■ Task item ■
With the pictures left out, output the records below exactly.

==== Listed records

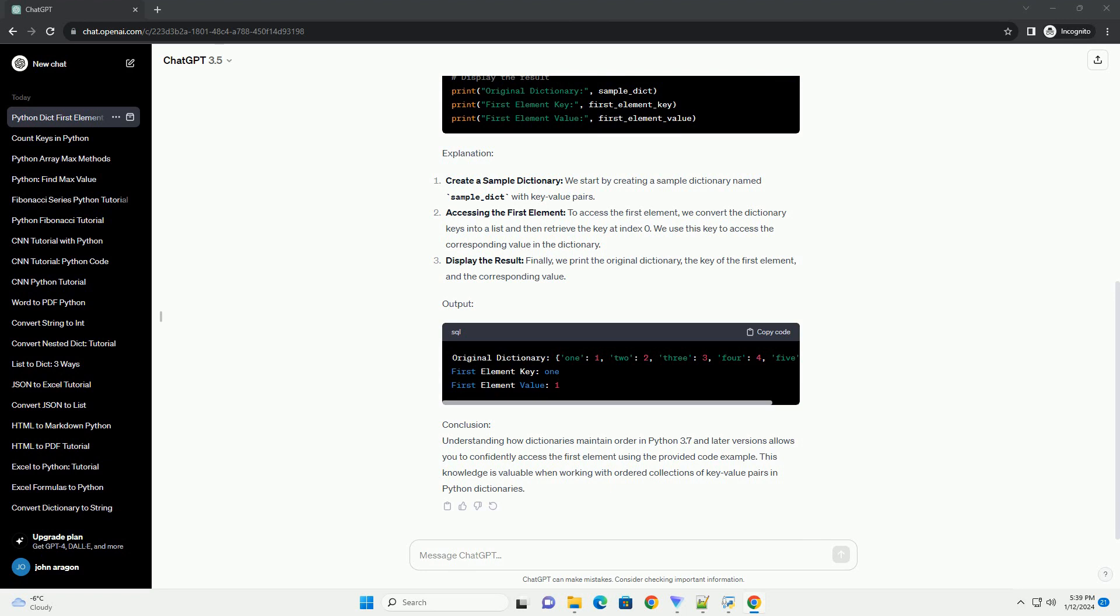Conclusion. Understanding how dictionaries maintain order in Python 3.7 and later versions allows you to confidently access the first element using the provided code example. This knowledge is valuable when working with ordered collections of key-value pairs in Python dictionaries.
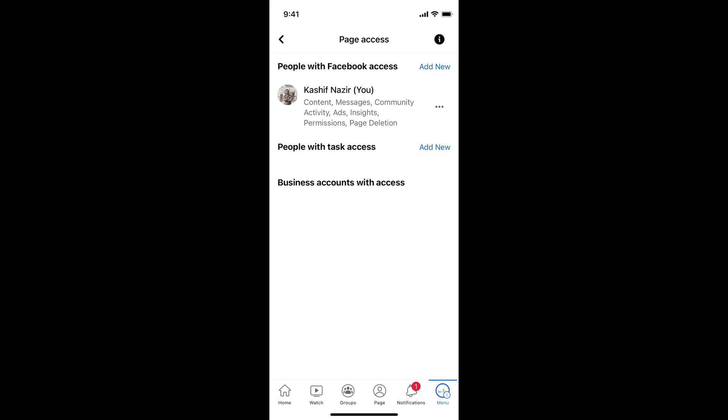Otherwise, if you want to give certain tasks to any person like ads or insights or page deletion or community, you can add that from here.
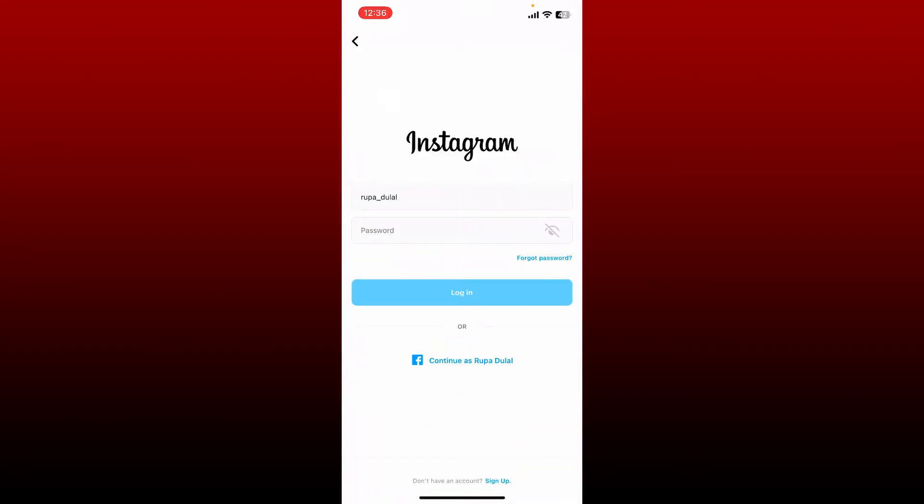If you've forgotten your credentials during the login process and that's the main problem you're facing right now, then you don't need to worry at all. Simply tap on the forgot password link beneath the password box in the login area, and you'll be able to get help to reset to a new password.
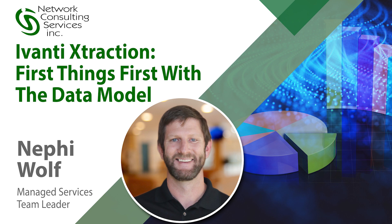Hello, my name is Nephi Wolf and I'm with NCSI and this is the third video in the extraction training series. In this video, we'll go through some of the things that you should know with the data model.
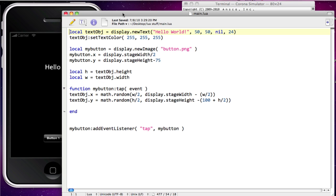Fortunately, Corona has this wonderful little tool built into it that allows you to transition any type of variable that you need. Not only can you transition the location, but you can transition color, the alpha level — so you can fade something in or out over time. It makes working with your project much simpler. If you've worked with Flash in the past, you should be familiar with the concept of tweening. What the transition command does inside of Corona is very much like tweening in Flash.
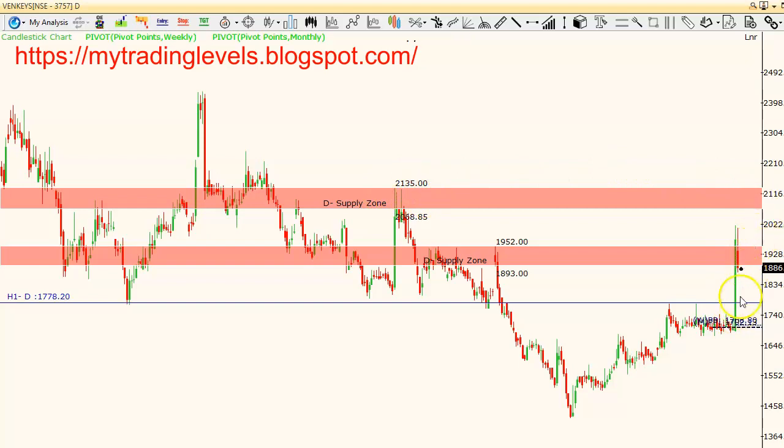This is a strict pullback opportunity. If you already hold the stock, maintain a strict stop loss of 1700 and continue to hold.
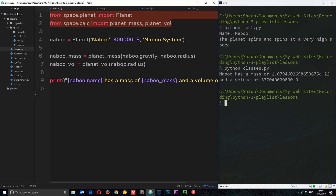Just imagine if all of this code from these different modules was inside this one file — it would have got very, very messy. But now we've split them all up so they have their own files, their own modules, and we can keep on top of things much, much easier.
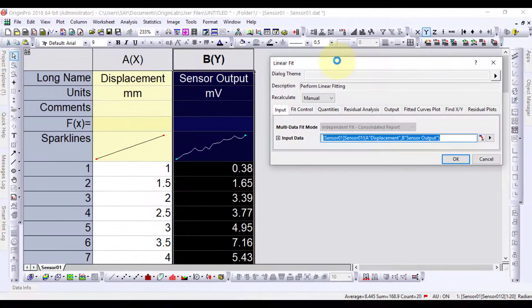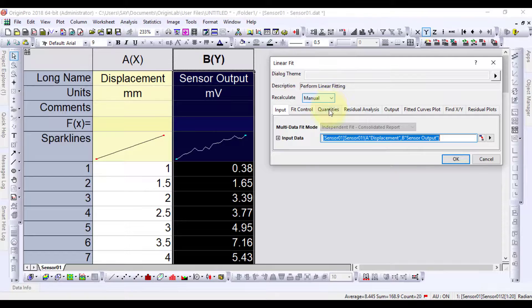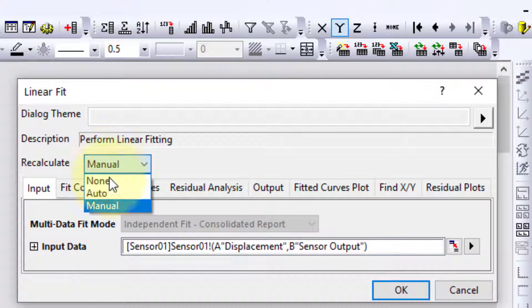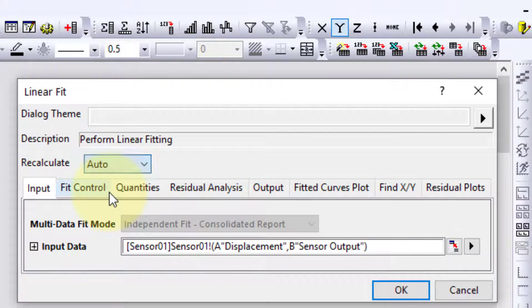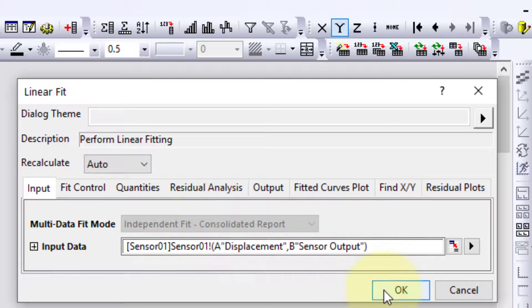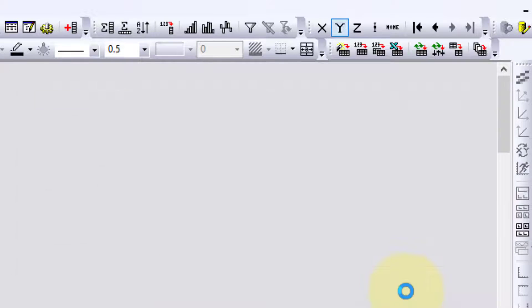From the prompted menu, change the recalculate to auto and click OK.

========

■ Exercise answer ■
Conclusion. Understanding how dictionaries maintain order in Python 3.7 and later versions allows you to confidently access the first element using the provided code example. This knowledge is valuable when working with ordered collections of key-value pairs in Python dictionaries.
Otherwise, if you want to give certain tasks to any person like ads or insights or page deletion or community, you can add that from here.
If you've forgotten your credentials during the login process and that's the main problem you're facing right now, then you don't need to worry at all. Simply tap on the forgot password link beneath the password box in the login area, and you'll be able to get help to reset to a new password.
Hello, my name is Nephi Wolf and I'm with NCSI and this is the third video in the extraction training series. In this video, we'll go through some of the things that you should know with the data model.
Fortunately, Corona has this wonderful little tool built into it that allows you to transition any type of variable that you need. Not only can you transition the location, but you can transition color, the alpha level — so you can fade something in or out over time. It makes working with your project much simpler. If you've worked with Flash in the past, you should be familiar with the concept of tweening. What the transition command does inside of Corona is very much like tweening in Flash.
This is a strict pullback opportunity. If you already hold the stock, maintain a strict stop loss of 1700 and continue to hold.
Just imagine if all of this code from these different modules was inside this one file — it would have got very, very messy. But now we've split them all up so they have their own files, their own modules, and we can keep on top of things much, much easier.
From the prompted menu, change the recalculate to auto and click OK.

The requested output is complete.